Nous avons rencontré Mme David alors qu’elle participait à une conférence de presse de Québec solidaire réclamant des mesures de protection plus musclées pour les locataires aînés. Le regard vif et le verbe clair du haut des 75 ans qu’elle ne fait pas, elle sourit quand on lui demande pourquoi elle sort de sa retraite. «C’est relatif la retraite. La retraite, c’est de ne plus être obligée de se lever le matin pour aller travailler, mais je m’implique dans toutes sortes de choses depuis ma retraite.»

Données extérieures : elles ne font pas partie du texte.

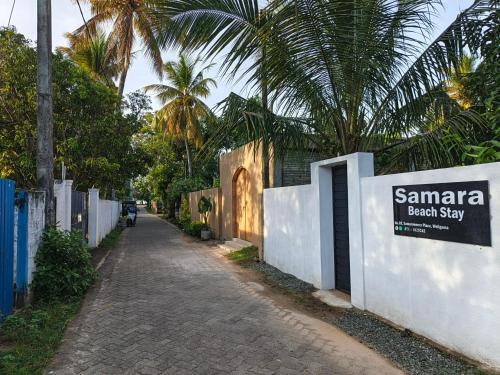 a street with a fence and a sign that reads santa beachstay at Samara Beach Stay in Weligama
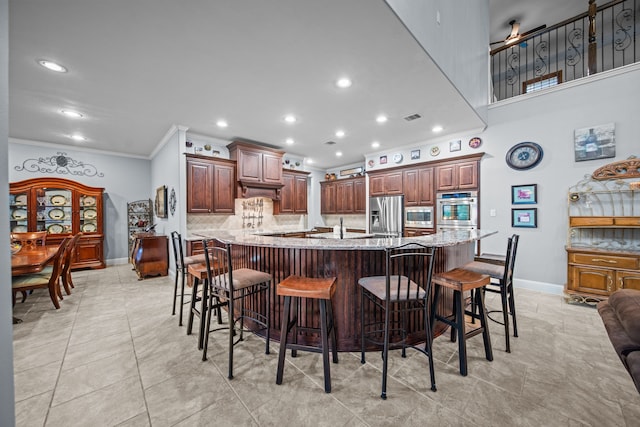 207 Fox Squirrel Ct, Pinehurst, TX 77362 - kitchen with stainless steel appliances, crown molding, tasteful backsplash, light stone counters, and a breakfast bar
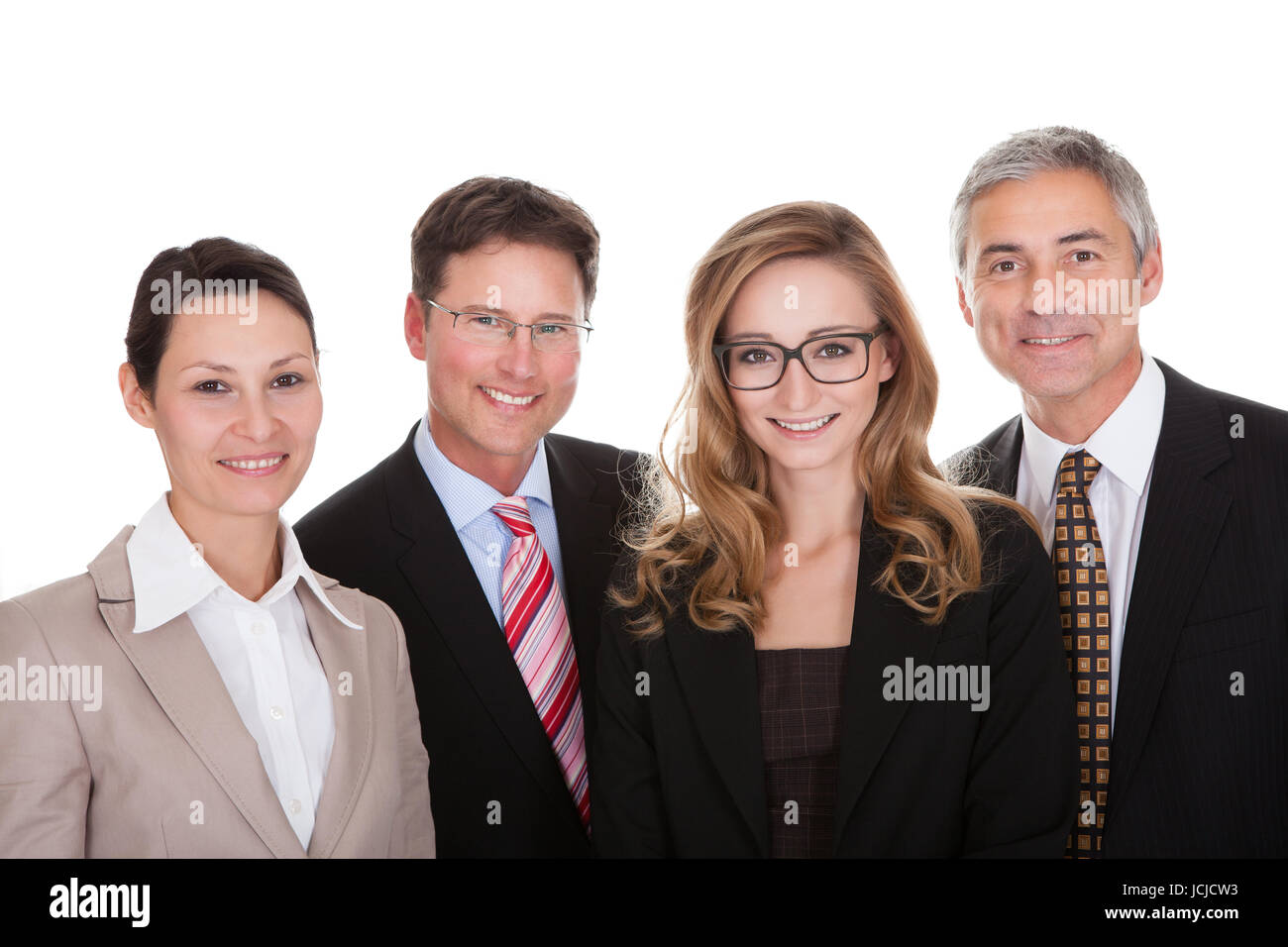 Smiling group of stylish business professionals standing in a row with ...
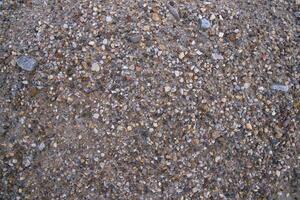 Background texture of small pebbles on the surface of the road photo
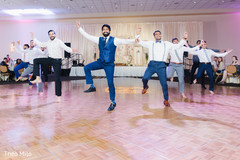 Indian groom and groomsmen performing Indian groom and groomsmen performing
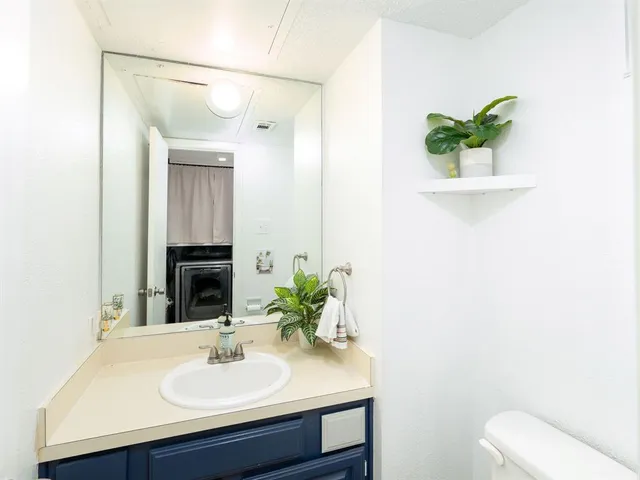 a bathroom with a sink a toilet and a mirror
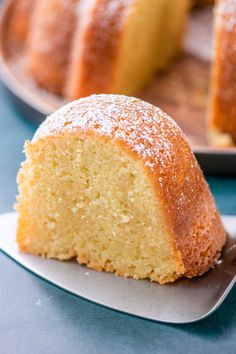 a bundt cake with powdered sugar on top sits on a plate next to another bundt cake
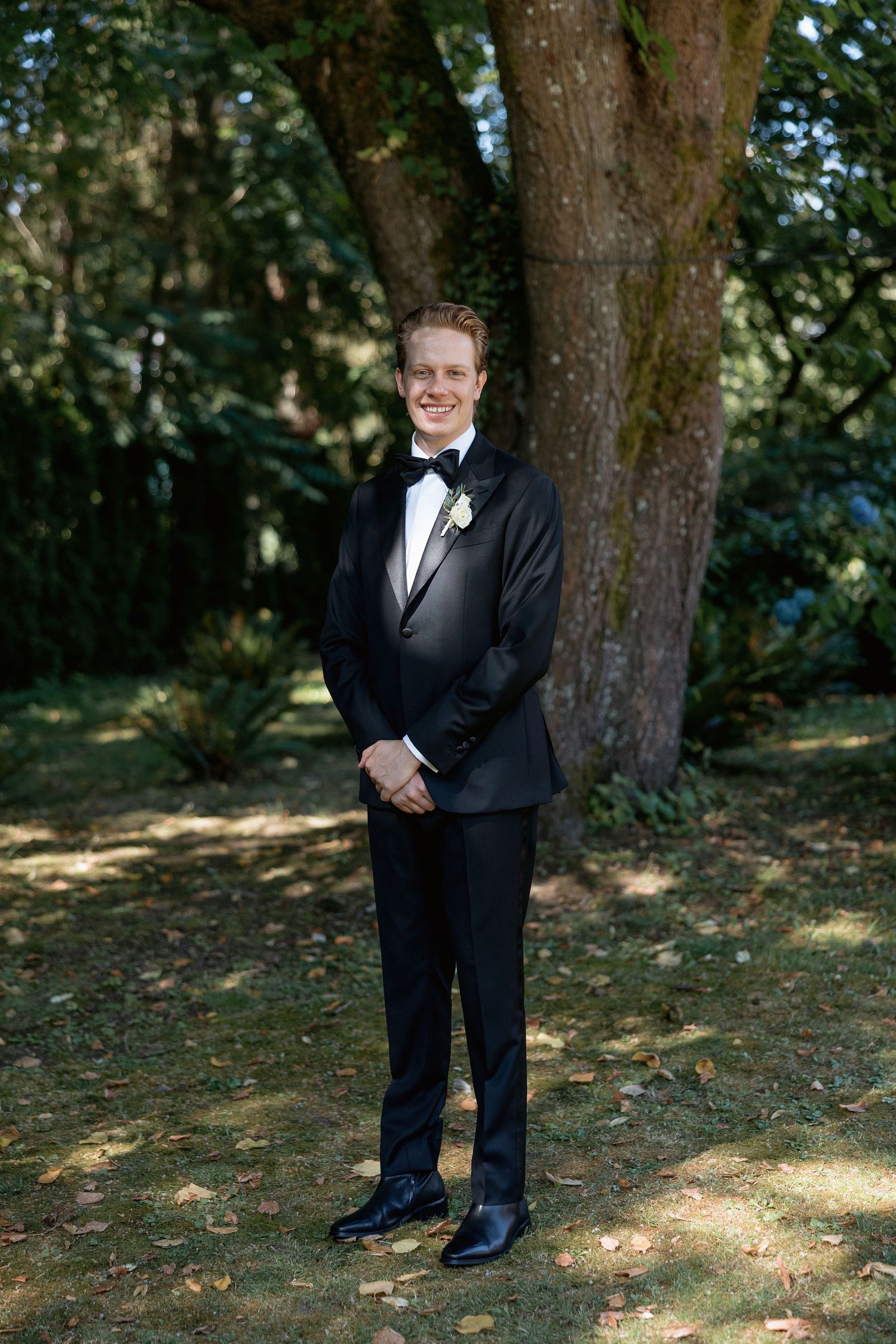 Ring bearer in classic black tuxedo poses against tree-lined backdrop at outdoor wedding.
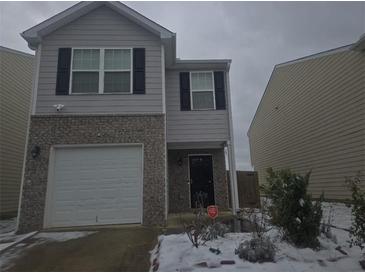 Two-story home featuring a garage, gray siding, and black shutters at 2087 Belmont Cir, Conyers, GA 30012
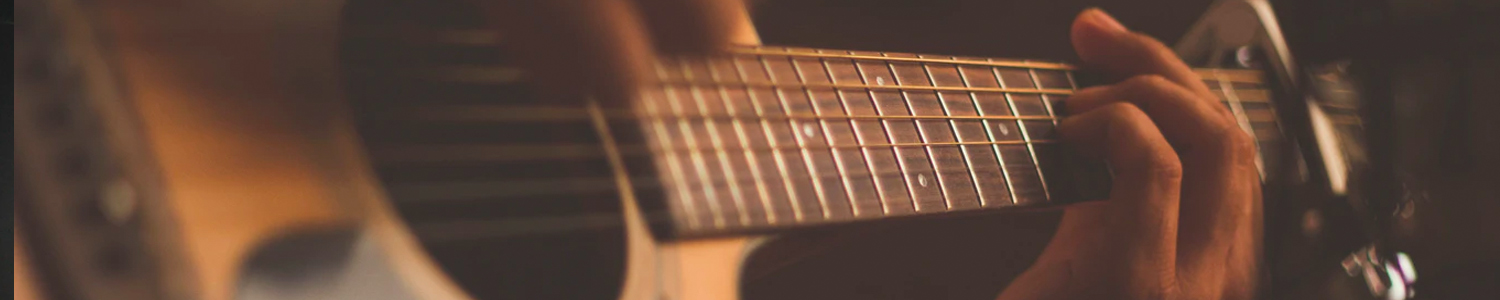 Close up of an acoustic guitar and a hand holding down a chord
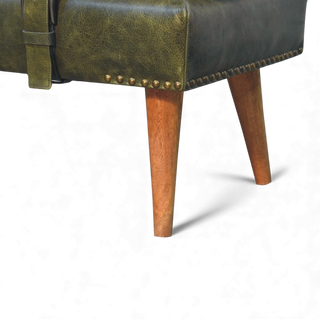 Close-up of a green leather chair with wooden legs on a white background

Son implication ne se dément pas, comme l’indiquent ses années avec le Mouvement démocratie nouvelle. «Maintenant, ce que je fais est à un rythme plus lent, évidemment, qu’avant ma retraite. C’est beaucoup d’appuyer des causes, mais je n’initie rien. Ça ne m’appartient plus. Il y a des jeunes, ils sont bons.»

Elle est toujours prête à signer des lettres, appuyer des causes qui lui sont chères ou à écrire des textes «que, parfois, j’envoie dans les journaux qui ont l’amabilité de les publier». 

Et elle continue de se faire entendre en coulisses, avoue-t-elle. «Quand j’ai des idées, il m’arrive d’appeler des gens. Après ils font ce qu’ils veulent avec mon idée.»